# GRBL/HAL - what I've been doing lately.



## PhilBa (Sep 25, 2014)

I'm a big fan of open source software and hardware. In the last couple of weeks I've been focusing on an interesting development in CNC control, new 32 bit versions of GRBL.

As many know GRBL is open source motion control software for CNC which runs on the 8-bit Arduino family. Several people have been porting GRBL to 32 bit ARM processors. Some of these are quite good and one in particular, GRBL/HAL, really stands out as done right. The designer (terjeio on Github) has done a very good job of factoring out the processor specific parts to make it much easier to port to different machines (that's the HAL part - Hardware Adaption Layer). Currently, he has ports for 12 different processors including several Arduino ARMs and the Teensy 4.0 (600 mhz Arm M7). In addition he has added hooks for a number of extensions. With the added memory and speed of ARM processors, more high end features will be making their way into GRBL. The one I am most excited about is ethernet support but lots of other are coming.

Anyway, doing my part to help push the GRBL world forward, I have been designing a series of open source motion controller boards based on GRBL/HAL. This will help a system builder to put together a CNC machine for a fairly low cost. The goal is to have pre-built firmware that the user just loads onto the machine, unlike GRBL Arduino which requires installing the Arduino development system and building GRBL. Low friction is the goal.

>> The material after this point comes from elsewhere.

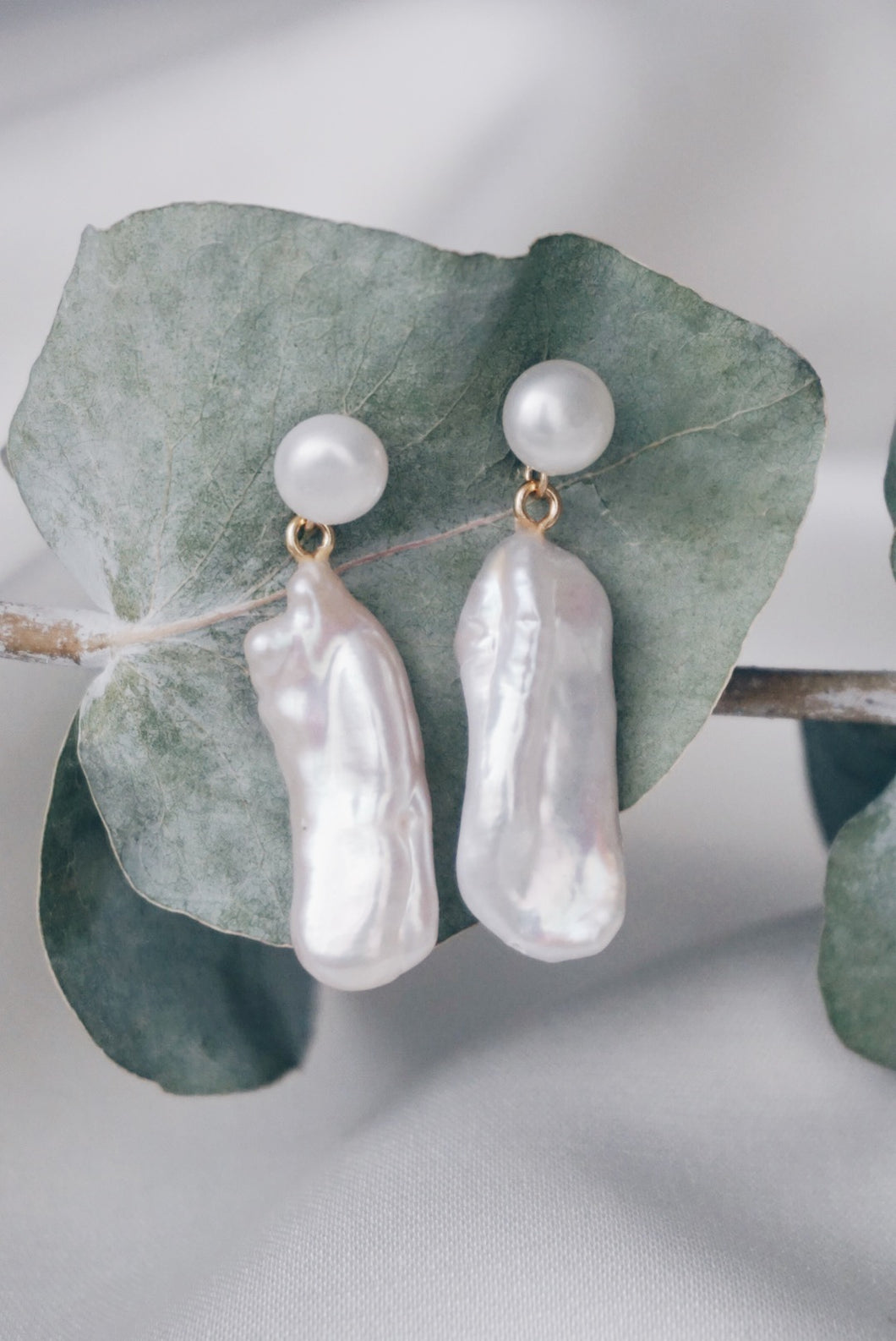 Biwa pearl earrings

My first board is for the Teensy 4.0. It supports 4 Axis, the standard GRBL inputs (limits, e-stop, door open, ...) all optically isolated, Spindle 0-10V control, PWM, direction and enable outputs. Supports up to 7 external relays including Spindle, Coolant Flood and Coolant Mist plus a Spindle slaved relay output for dust collection. And uses screw terminals for reliable connections. I'm testing the board now but it appears to be quite solid. I have a few minor changes and will be doing an update soon. I have a similar 4 Axis PCB for the Arduino MKRZERO getting made right now in China and have an Arduino Due' based board in layout right now (though may not finish it, I hate the Arduino form factor). In the planning stage is a 6 Axis board based on the Teensy 4, though I may wait for the Teensy 4.1 to come out in the next couple of months - more pins. Here's a picture of the 4 Axis Teensy 4.0 board. Once each board completes testing, I will remove the copyright and release it as open source hardware.


----------



## honesttjohn (Feb 17, 2015)

You lost me at "open source software".


----------



## difalkner (Jan 3, 2012)

That's a very good looking board, Phil! Do you have any video or photos of creating the PCB? That would be cool to see. Are you doing wave soldering of components and connectors?

It's been ages since I did any bread boards or my own circuit boards and it was a lot more primitive back when I did that, so my questions may have 'age' on them and be outdated for today's technology.

David


----------



## PhilBa (Sep 25, 2014)

Thanks. Pretty happy with how it turned out. Not a single error other than a couple of silk screen issues. And, of course, the inevitable "wish I'd done this" things. Those are in V1.1. Sorry, no videos or photos. All hand soldered this time round. It's not too bad because I'm using big SMDs. If there is cause to make more than a few, I'll get a stencil, solder paste and do toaster oven reflow. I'll take a few photos of that process


----------